[Data entries]

════

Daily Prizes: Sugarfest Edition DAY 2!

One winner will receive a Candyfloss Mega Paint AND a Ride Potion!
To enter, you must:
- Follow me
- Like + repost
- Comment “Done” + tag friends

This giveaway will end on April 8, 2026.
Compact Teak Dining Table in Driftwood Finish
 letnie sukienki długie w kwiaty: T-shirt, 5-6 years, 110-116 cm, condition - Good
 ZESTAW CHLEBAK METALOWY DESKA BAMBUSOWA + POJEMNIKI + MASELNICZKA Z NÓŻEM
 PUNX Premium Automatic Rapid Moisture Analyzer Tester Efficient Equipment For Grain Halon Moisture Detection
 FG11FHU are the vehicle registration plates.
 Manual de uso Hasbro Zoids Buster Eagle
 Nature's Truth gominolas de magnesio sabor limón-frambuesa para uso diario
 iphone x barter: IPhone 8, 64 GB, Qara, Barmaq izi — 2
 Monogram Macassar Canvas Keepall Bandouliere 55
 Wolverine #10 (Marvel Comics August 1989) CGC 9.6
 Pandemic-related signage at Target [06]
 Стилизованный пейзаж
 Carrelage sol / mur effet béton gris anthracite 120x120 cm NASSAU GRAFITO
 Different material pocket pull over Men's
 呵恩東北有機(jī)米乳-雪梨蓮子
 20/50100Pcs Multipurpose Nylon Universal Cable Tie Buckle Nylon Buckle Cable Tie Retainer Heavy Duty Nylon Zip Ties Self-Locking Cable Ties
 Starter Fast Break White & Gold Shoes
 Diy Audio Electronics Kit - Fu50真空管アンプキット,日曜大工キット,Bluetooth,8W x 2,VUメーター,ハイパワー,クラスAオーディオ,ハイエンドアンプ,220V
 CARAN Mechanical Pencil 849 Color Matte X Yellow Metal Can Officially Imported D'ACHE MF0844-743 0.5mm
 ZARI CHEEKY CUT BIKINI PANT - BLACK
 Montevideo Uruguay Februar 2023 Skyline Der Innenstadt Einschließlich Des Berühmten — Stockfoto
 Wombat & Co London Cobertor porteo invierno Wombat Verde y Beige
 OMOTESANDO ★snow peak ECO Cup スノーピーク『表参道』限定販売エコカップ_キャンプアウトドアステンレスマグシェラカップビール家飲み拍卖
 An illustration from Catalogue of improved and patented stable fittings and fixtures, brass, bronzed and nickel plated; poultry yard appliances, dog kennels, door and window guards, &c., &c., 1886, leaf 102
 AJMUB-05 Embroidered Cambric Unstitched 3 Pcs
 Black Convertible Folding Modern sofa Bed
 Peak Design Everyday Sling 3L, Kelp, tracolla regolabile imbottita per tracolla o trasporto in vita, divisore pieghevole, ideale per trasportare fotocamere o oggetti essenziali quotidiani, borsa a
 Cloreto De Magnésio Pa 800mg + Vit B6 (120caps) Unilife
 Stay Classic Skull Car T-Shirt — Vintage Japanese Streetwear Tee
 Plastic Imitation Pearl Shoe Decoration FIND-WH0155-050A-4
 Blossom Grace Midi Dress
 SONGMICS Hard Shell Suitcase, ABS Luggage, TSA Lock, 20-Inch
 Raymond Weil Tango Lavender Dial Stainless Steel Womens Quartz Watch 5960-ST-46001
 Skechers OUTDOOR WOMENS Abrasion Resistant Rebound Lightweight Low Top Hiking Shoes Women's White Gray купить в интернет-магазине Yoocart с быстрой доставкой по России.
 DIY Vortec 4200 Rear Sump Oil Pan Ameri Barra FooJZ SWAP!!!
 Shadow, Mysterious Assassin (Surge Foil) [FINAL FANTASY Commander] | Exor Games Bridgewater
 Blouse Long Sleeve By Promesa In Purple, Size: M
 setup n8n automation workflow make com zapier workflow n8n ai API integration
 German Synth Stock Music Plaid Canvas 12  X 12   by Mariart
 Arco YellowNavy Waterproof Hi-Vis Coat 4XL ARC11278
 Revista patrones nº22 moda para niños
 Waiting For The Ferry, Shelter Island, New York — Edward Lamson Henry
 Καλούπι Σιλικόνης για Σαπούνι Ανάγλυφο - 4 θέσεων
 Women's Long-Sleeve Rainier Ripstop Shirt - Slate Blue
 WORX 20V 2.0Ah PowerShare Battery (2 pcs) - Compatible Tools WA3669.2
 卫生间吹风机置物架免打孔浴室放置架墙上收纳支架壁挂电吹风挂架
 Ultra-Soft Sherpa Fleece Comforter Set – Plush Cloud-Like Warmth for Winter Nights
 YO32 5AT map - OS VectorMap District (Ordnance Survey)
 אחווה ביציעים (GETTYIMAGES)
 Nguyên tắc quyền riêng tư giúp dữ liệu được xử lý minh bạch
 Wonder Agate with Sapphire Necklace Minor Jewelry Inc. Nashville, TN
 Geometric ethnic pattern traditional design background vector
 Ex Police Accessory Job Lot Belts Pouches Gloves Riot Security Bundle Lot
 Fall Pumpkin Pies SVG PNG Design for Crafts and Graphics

════

The result should be every line that contains "Shoes", copied from the entries.

-- Answer box --
 Starter Fast Break White & Gold Shoes
 Skechers OUTDOOR WOMENS Abrasion Resistant Rebound Lightweight Low Top Hiking Shoes Women's White Gray купить в интернет-магазине Yoocart с быстрой доставкой по России.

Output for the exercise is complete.